:: About this exercise ::
Using the records below, write out only the lines from the line containing "Casa amplia en esquina, multiples usos" up to and including the line containing "Fahrzeugabbildung BMW 320d", exactly, with no pictures.

Items from a dataset
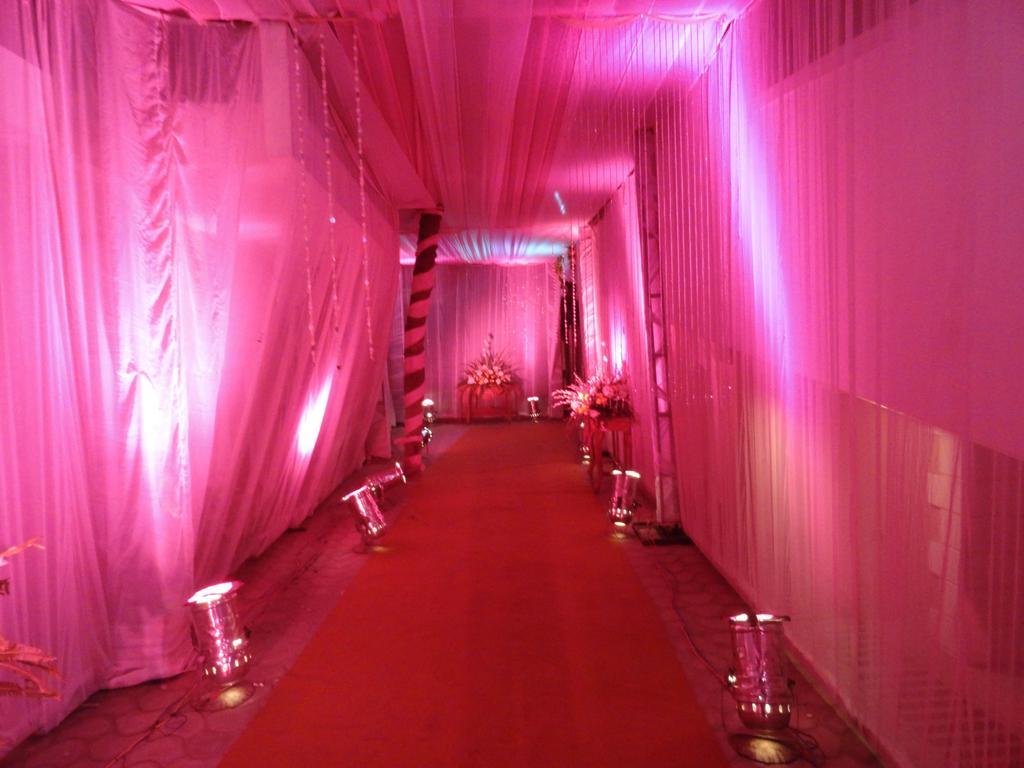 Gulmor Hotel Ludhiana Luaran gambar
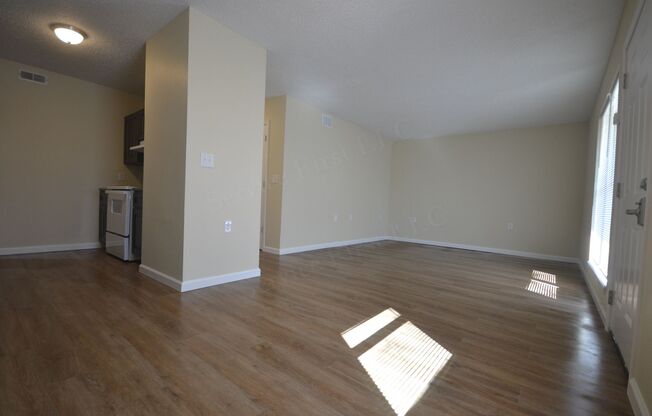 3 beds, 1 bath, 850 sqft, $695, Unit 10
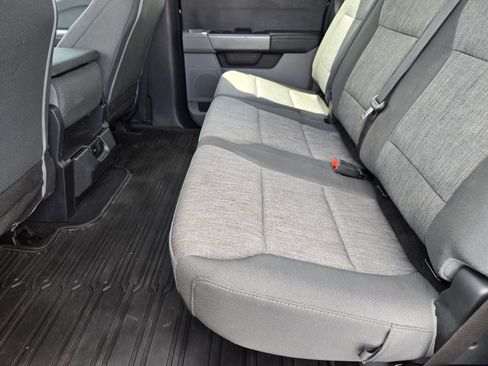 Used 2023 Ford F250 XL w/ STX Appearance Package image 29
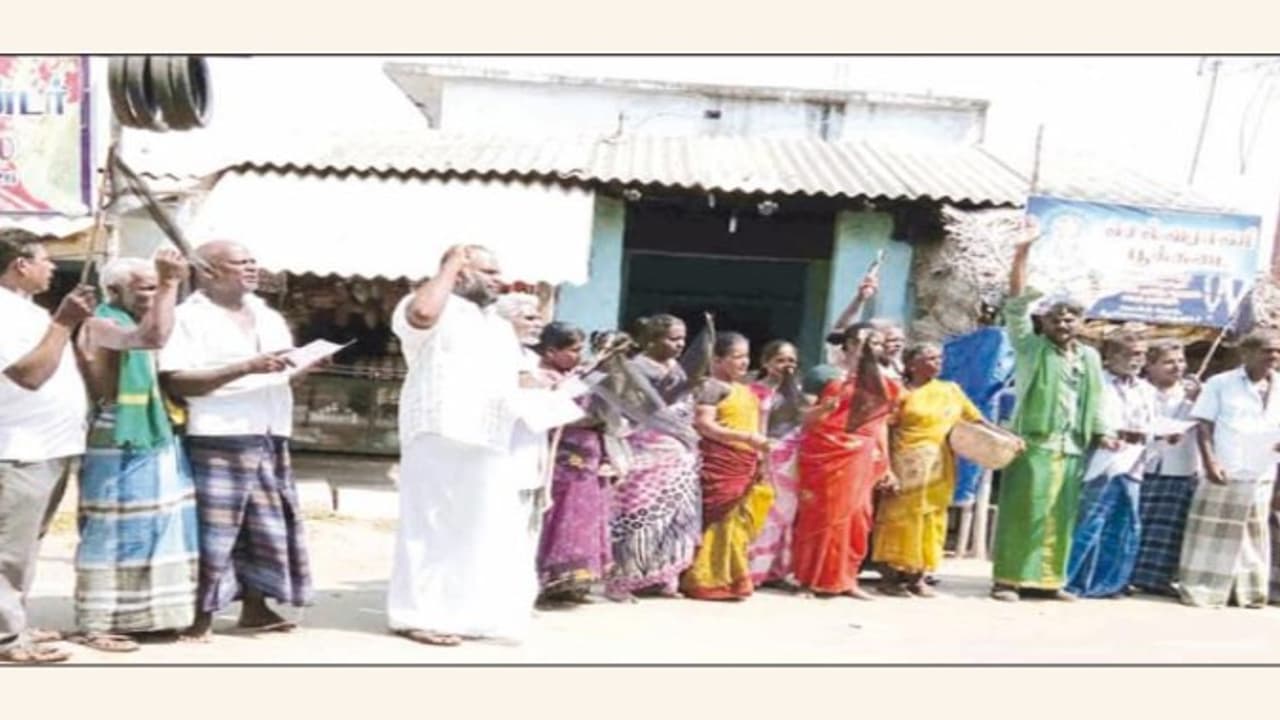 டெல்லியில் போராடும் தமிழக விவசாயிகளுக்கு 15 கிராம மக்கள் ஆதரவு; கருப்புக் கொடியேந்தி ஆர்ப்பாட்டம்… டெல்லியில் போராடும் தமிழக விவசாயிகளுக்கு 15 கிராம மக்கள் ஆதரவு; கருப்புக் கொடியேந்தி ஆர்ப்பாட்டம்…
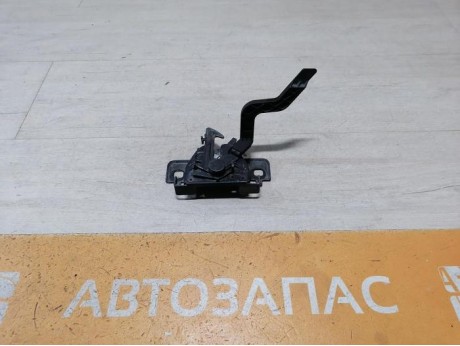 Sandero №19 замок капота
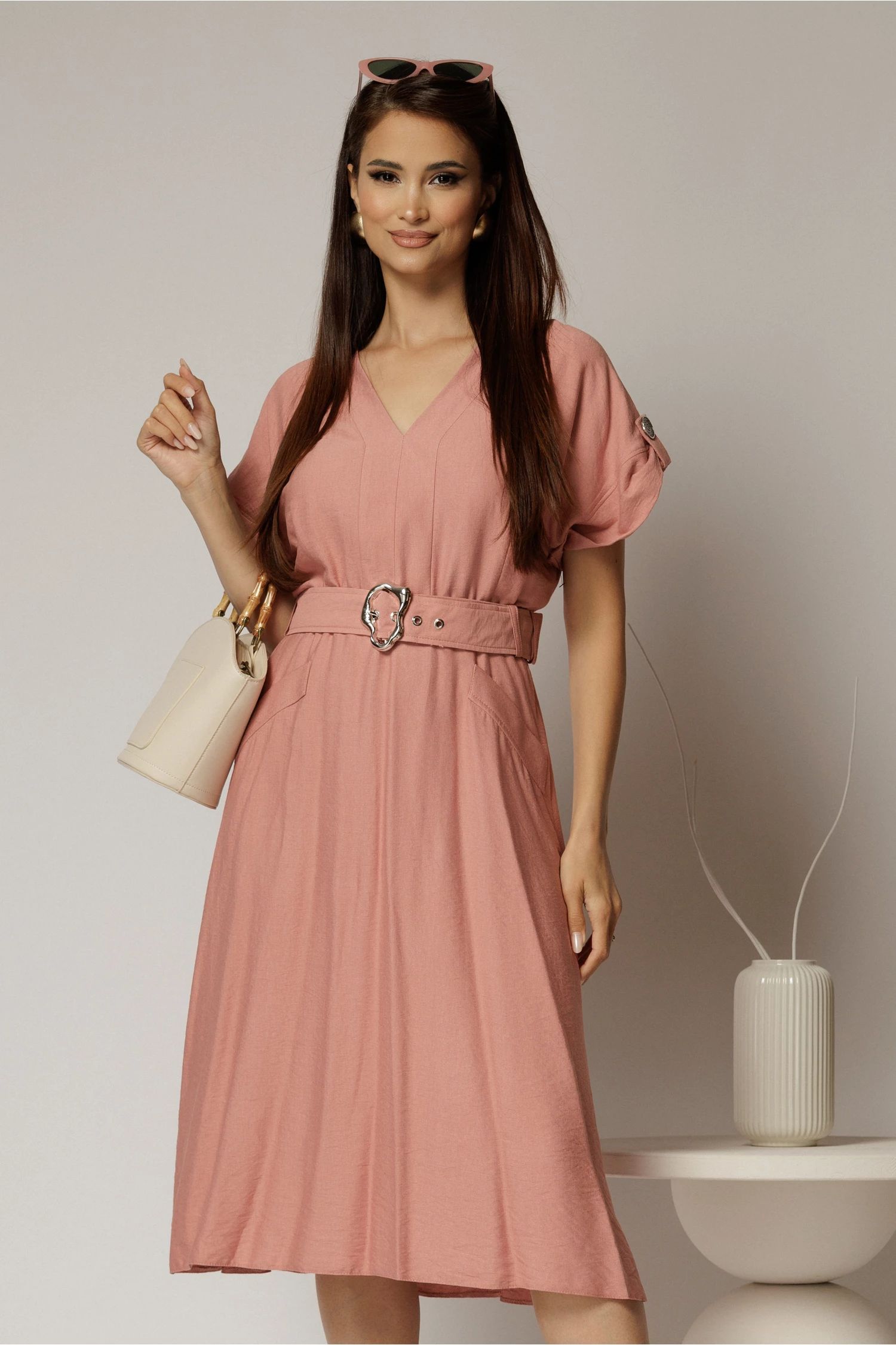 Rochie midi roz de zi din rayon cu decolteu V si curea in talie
* * *
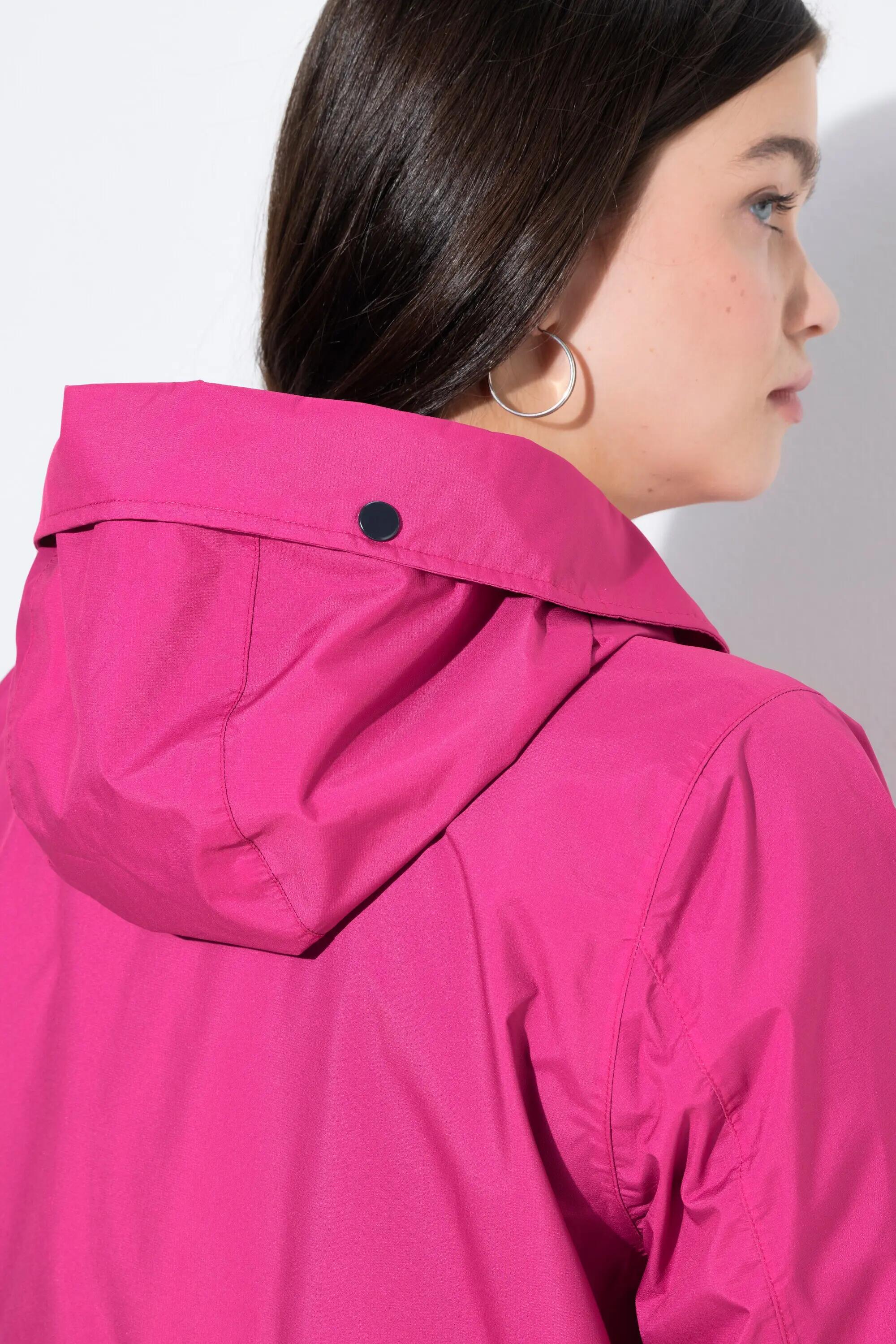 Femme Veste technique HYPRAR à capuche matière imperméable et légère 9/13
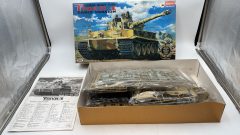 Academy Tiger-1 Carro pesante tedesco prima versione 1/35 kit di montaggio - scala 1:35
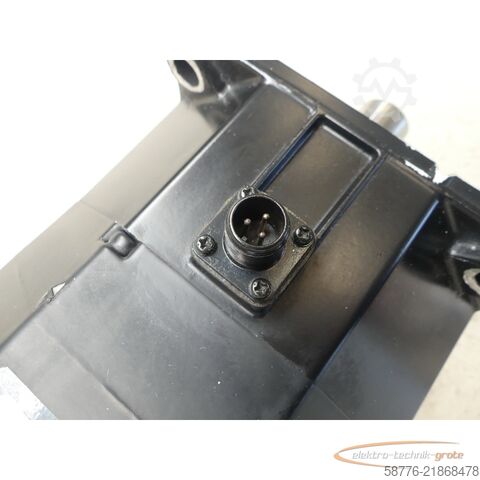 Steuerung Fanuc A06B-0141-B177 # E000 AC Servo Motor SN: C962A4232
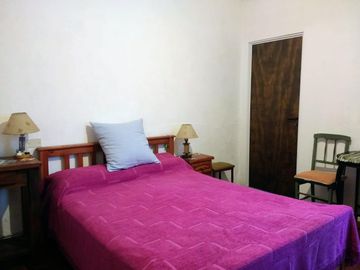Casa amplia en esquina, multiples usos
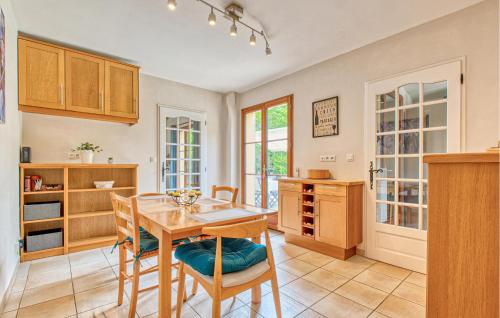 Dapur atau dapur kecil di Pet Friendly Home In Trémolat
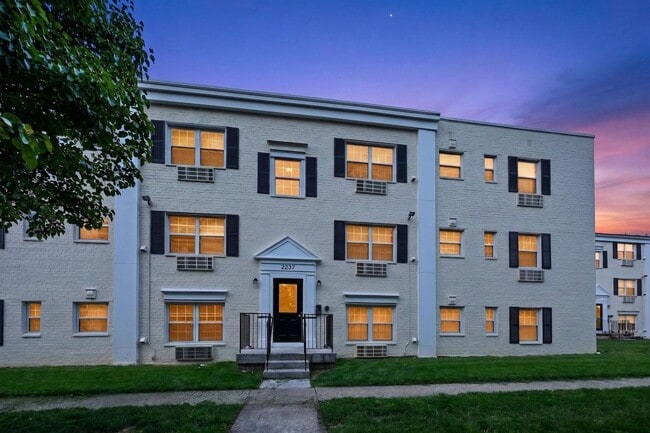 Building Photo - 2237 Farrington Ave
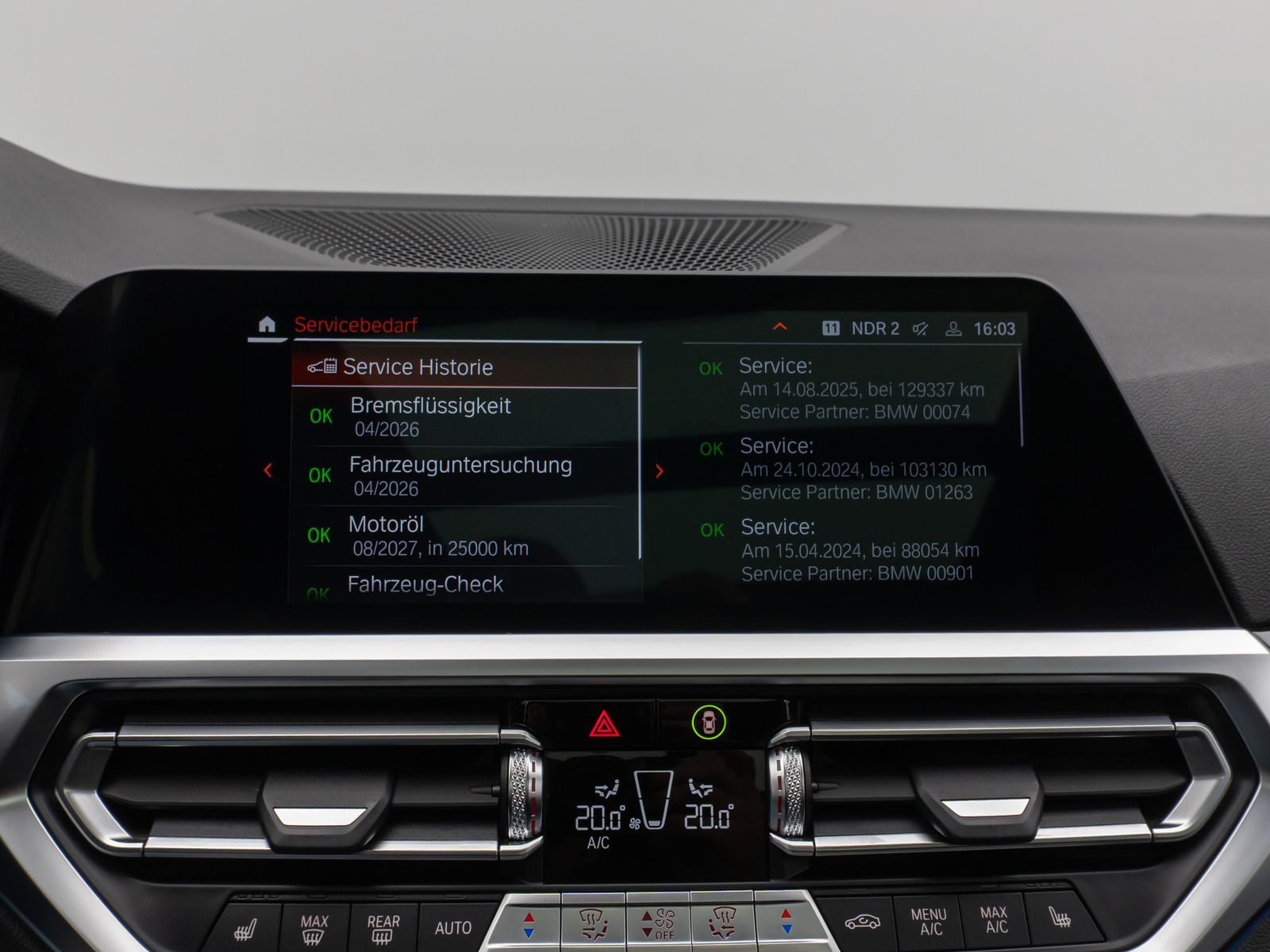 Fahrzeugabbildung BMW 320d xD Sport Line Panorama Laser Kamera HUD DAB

:: Your response ::
Casa amplia en esquina, multiples usos
 Dapur atau dapur kecil di Pet Friendly Home In Trémolat
 Building Photo - 2237 Farrington Ave
 Fahrzeugabbildung BMW 320d xD Sport Line Panorama Laser Kamera HUD DAB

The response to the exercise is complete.